Monday, November 10, 2014

Conservation Viewpoints And Datapoints

Professor Jane Lubchencko (Oregon State University) and biologist Heather Tallis (The Nature Conservancy) have published a comment in Nature magazine arguing for conservationists to transcend traditional divisions over whether nature should be protected for reasons of intrinsic value, instrumental value, or both.  Appearing in the November 6, 2014 issue, their article, entitled "A call for inclusive conservation," suggests emphasis on two approaches:  valuing viewpoints from all constituencies;  and applying a rigorous, data-driven approach to decision-making.  As the authors write,
It is time to re-focus the field of conservation on advancing and sharing knowledge in all relevant disciplines and contexts, and testing hypotheses based on observations, experiments, and models [footnote omitted].
They characterize their
unified and diverse conservation ethic [as] one that recognizes and accepts all values of nature, from intrinsic to instrumental, and welcomes all philosophies justifying nature protection and restoration, form ethical to economic, and from aesthetic to utilitarian.

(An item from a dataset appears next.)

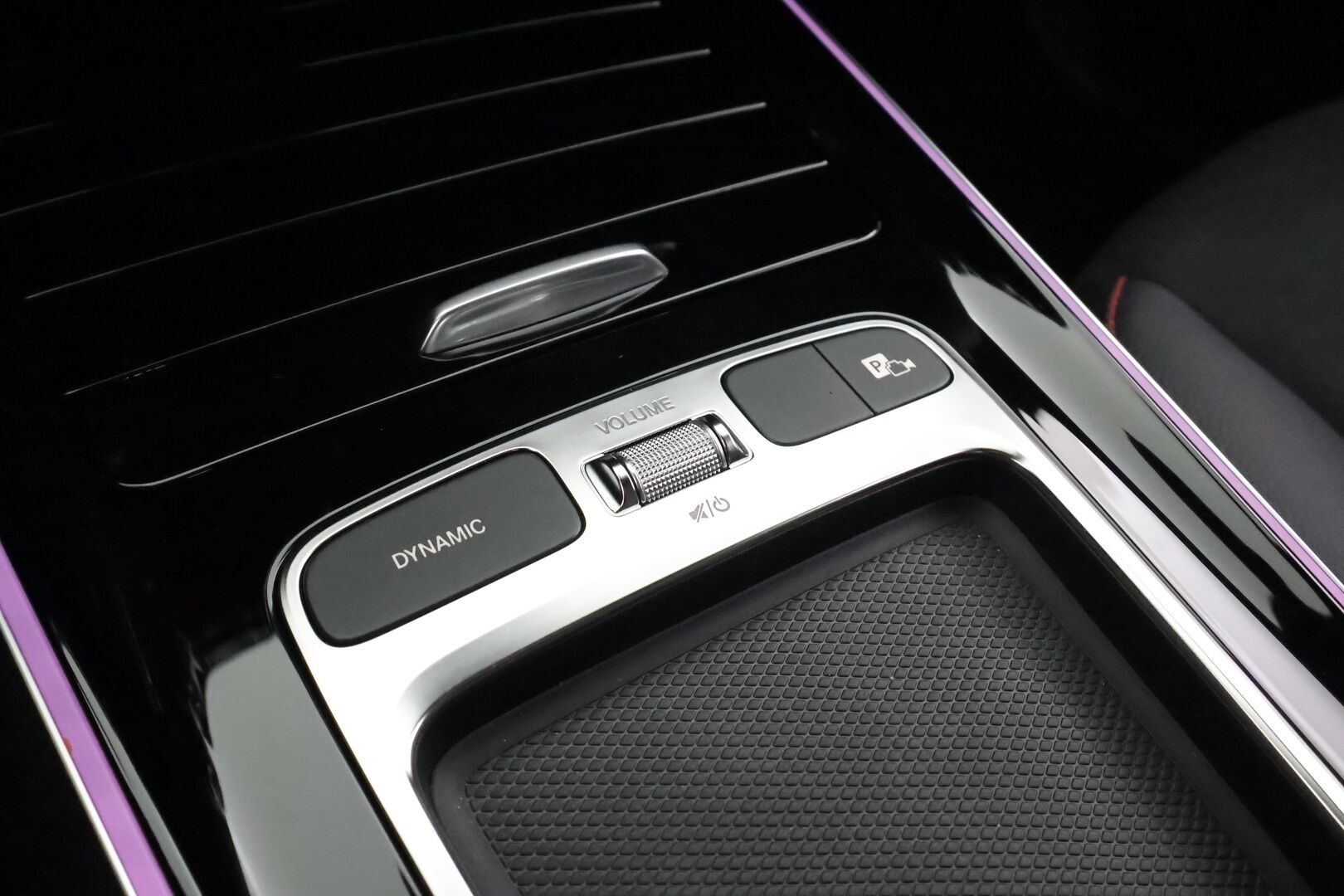 MERCEDES-BENZ EQA 2025 300 4Matic AMG Line * LED / Sportpenkki / Widecreen / P.Kamera / Navi / Kaistavahti / Katveavustin *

In addition, they demand that conservation efforts, however motivated, be
underpinned by a stronger focus on synthesizing and expanding the evidence base that can identify what works and what fails in conservation so that we can move from philosophical debates to rigorous assessments of the effectiveness of actions.
Biodiversity is under relentless assault around the world, with especially dire losses likely to occur within tropical rainforests and coral reefs.  Unity of purpose and rigor of method should be welcomed as a wise response.